FRANKFURT/LONDON (Reuters) - German regulators will meet more than 20 foreign banks on Monday to spell out requirements for moving some operations to Frankfurt, people familiar with the matter said, as the city accelerates plans to win over business from London after Brexit.
The meeting, the first such gathering of its kind in Germany, is being hosted by financial supervisor Bafin to cope with increasingly detailed inquiries from banks as Britain prepares to trigger EU divorce talks, people involved said.
“Bafin wants to give the participants an overview of the main issues for those who want to move businesses to Germany after Brexit,” said one of the people involved.
The sources said Bafin would make it clear that no “letter-box” operations would be accepted and that banks would have to have significant risk management arrangements and senior executives based in Frankfurt.
Other people said officials from the German central bank and the European Central Bank would also attend.
Bafin, which has close ties to the finance ministry, confirmed that the meeting would take place but declined to give further details. The Bundesbank and the ECB declined to comment.
About 40 executives will attend Monday’s gathering, to be held as German Finance Minister Wolfgang Schaeuble discreetly starts supporting Frankfurt’s efforts to attract thousands of bankers from London, according to people familiar with government thinking.
Many Germans are skeptical about the practices of largely U.S. and British investment banks, that often run their international operations from London.
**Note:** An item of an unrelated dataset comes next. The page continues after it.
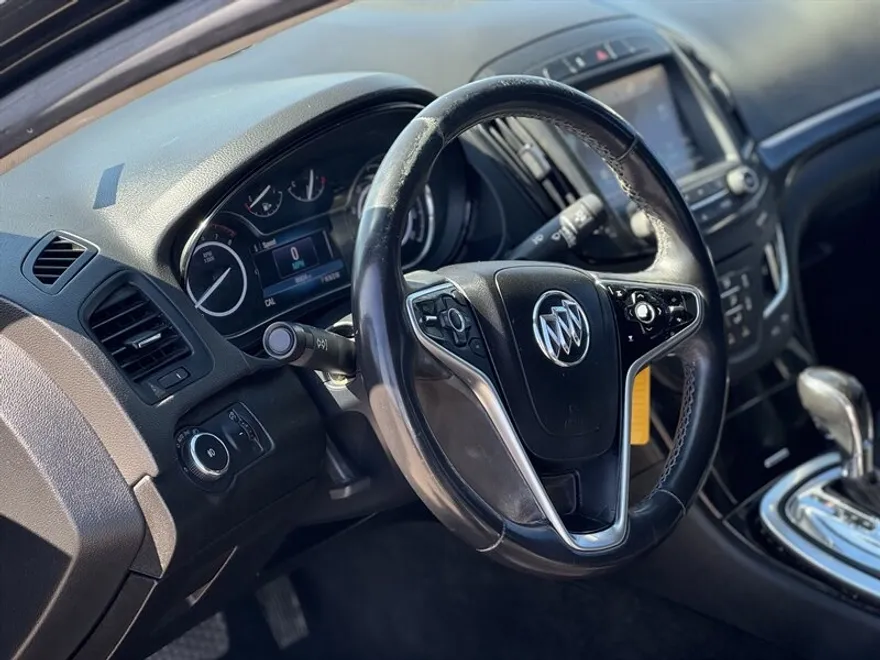 2017 Buick Regal Sport Touring photo 1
This view was reinforced when Deutsche Bank - a German bank on Wall Street - had to pay $7.2 billion in U.S. penalties for selling toxic mortgage securities before the 2008 financial crisis.
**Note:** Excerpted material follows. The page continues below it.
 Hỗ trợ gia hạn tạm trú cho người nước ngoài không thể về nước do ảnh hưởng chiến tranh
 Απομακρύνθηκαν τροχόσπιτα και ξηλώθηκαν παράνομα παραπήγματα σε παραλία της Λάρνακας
German politicians, however, are increasingly pragmatic as banks in London search for alternative locations in the European Union to continue selling in the bloc once Britain leaves.
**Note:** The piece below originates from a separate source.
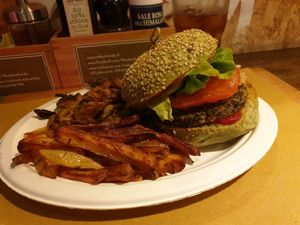 Burger at Radicetonda - Via Spallanzani in Milan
Banks with large London operations are shifting from contingency planning toward more concrete action after Prime Minister Theresa May said last week that Britain would leave the EU’s single market, a move that would isolate the City of London from many of its clients.
May has said her government will invoke Article 50 of the EU treaty, starting two years of negotiations to arrange Britain’s departure, by the end of March.
Frankfurt looks set to be one of the biggest winners from any exodus from London, with several major investment banks said to be in talks to base people there.
However the likes of Paris and Dublin are also expected to win some jobs - HSBC has said it will move around 1,000 roles to the French capital - while some U.S. banks may shift some positions back to New York.
Executives, chiefly those in charge of regulatory issues, from banks including Morgan Stanley, Goldman Sachs and Citigroup are due to attend the meeting in Bafin’s Frankfurt offices, the people said. Those banks declined to comment.
The gathering comes after a series of one-on-one meetings involving bank executives, politicians and regulators across EU countries.
It follows months-long attempts to persuade bankers of Frankfurt’s appeal, matching smaller rivals such as Ireland, whose prime minister Enda Kenny this week emphasized ease of access to policymakers.
Frankfurt made contingency plans for Brexit even before Britons voted on June 23 to leave the EU. “We’ve been prepared for Brexit in Frankfurt since before the day of the vote,” said Hubertus Vaeth, head of Frankfurt Main Finance, a group backed by local government to promote the city.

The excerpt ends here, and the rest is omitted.